[Python-Dev] PEP 292-related: why string substitution is not the same operation as data formatting

Guido van Rossum guido@python.org
Fri, 12 Jul 2002 15:07:06 -0400


> The syntax rules of PEP 292 are likely to cause confusion for
> newbies who have never used sh or perl. They will ask why Python
> have two syntaxes for doing string substitutions? Why not always
> spell the substitution string with ${identifier} or %(identifier)?
> The third rule of PEP292 in particular look like a patch to fix a
> kludge when an unanticipated exception was discovered.
> 
>    3. ${identifier} is equivalent to $identifier.  It is required for
>           when valid identifier characters follow the placeholder but are
>           not part of the placeholder, e.g. "${noun}ification".
> 
> > On Sunday 23 June 2002 02:16 pm, Lalo Martins wrote:
> > > More, I'm completely opposed to "<<name>> is <<age:.0d>> years
> > > old" because it's still cryptic and invasive. This should
> > > instead read similar to "<<name>> is <<age>> years
> > > old".sub({'name': x.name, 'age': x.age.format(None, 0)})
> >
> > > Guido, can you please, for our enlightenment, tell us what are the
> > > reasons you feel %(foo)s was a mistake?
> >
> > Because of the trailing 's'.  It's very easy to leave it out by
> > mistake, and because the definition of printf formats skips over
> > spaces (don't ask me why), the first character of the following word
> > is used as the type indicator.
> 
> It's easy to leave it out by mistake, but the error is almost always
> immediately obvious. In the interest of keeping the language as
> simple as possible, I hope no changes are made. If a method based
> .sub() capability is to be added, why not reuse the %(identifier)
> syntax instead of introducing $ and ${} syntax? The .sub() string
> method would use the %(identifier) syntax without the 's' to spell
> the new substitution format. Instead of the proposed:
> 
> 	'$name was born in ${country}'.sub()
> 
> the phrase would be spelled:
> 
> 	'%(name) was born in %(country)'.sub()
> 
> This approach would introduce one new string method with a small
> variation on the existing '%' substitution syntax.

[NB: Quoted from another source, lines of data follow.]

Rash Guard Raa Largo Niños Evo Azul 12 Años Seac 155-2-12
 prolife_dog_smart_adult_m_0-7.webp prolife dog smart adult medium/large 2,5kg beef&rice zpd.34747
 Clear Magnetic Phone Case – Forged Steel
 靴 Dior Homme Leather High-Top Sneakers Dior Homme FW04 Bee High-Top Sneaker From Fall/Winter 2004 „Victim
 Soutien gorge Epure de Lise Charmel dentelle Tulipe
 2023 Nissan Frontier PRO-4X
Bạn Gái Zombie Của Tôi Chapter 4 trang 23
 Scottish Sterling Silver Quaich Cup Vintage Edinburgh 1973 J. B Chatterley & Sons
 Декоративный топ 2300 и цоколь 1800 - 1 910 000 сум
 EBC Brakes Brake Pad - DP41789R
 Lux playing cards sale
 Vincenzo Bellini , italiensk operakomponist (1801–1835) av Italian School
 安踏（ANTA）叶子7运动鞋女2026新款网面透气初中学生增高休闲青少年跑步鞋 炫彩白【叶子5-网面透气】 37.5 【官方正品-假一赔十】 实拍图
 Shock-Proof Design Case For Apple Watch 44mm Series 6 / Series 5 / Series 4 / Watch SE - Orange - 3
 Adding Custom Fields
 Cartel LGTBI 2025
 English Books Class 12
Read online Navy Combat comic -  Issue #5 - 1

An argument can be made that since this works rather different than
the current % operator, it's better to avoid confusion by using a
different character.  One can also argue that many Perl and shell
programmers are migrating to Python, for whom this would be helpful --
for others, $ or % makes little difference (DOS batch file programmers
aren't that common, most Windows users never get to this).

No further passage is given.